> **Task goal**
Produce a word-for-word copy of the line that contains "Anqin 31L Fabric" and each line after it through the end of the material, omitting pictures and all other lines.

> **Dataset extract**
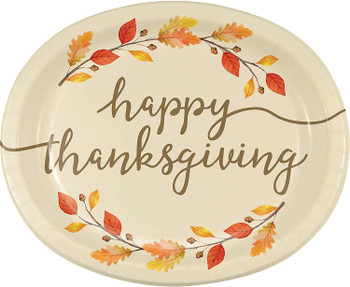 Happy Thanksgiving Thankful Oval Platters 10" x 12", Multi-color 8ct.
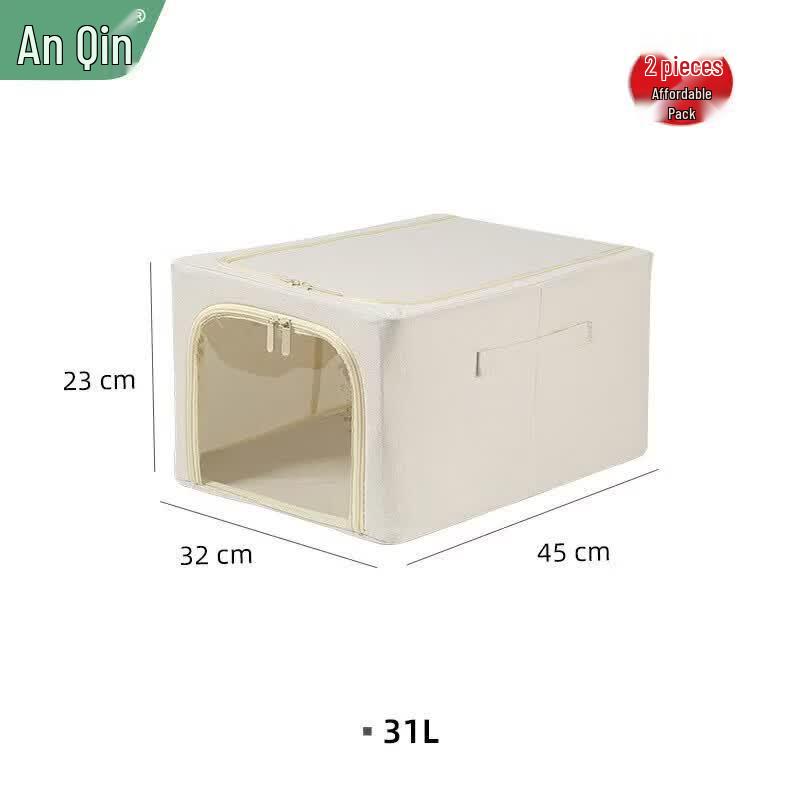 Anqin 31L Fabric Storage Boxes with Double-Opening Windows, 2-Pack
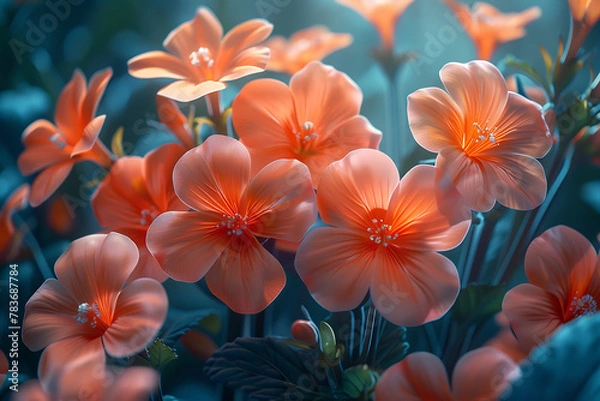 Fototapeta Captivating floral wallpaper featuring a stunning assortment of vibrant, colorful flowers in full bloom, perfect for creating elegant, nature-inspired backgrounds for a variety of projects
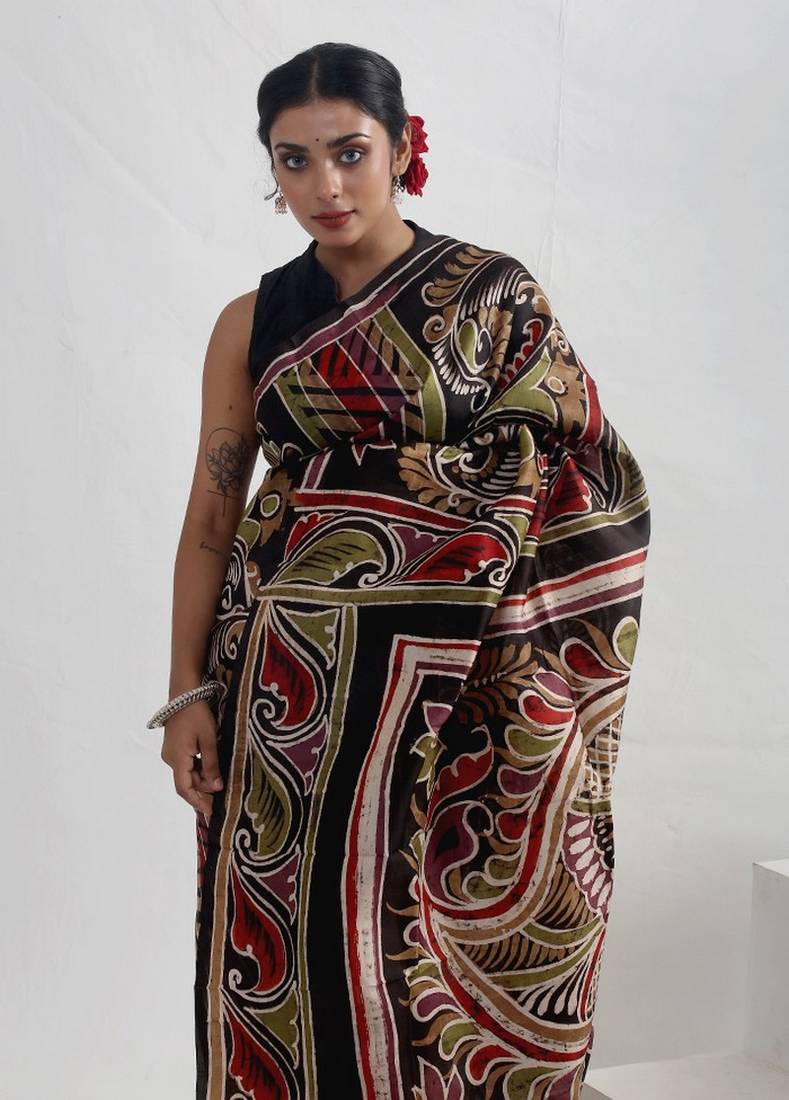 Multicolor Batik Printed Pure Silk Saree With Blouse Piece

> **Result below**
 Anqin 31L Fabric Storage Boxes with Double-Opening Windows, 2-Pack
 Fototapeta Captivating floral wallpaper featuring a stunning assortment of vibrant, colorful flowers in full bloom, perfect for creating elegant, nature-inspired backgrounds for a variety of projects
 Multicolor Batik Printed Pure Silk Saree With Blouse Piece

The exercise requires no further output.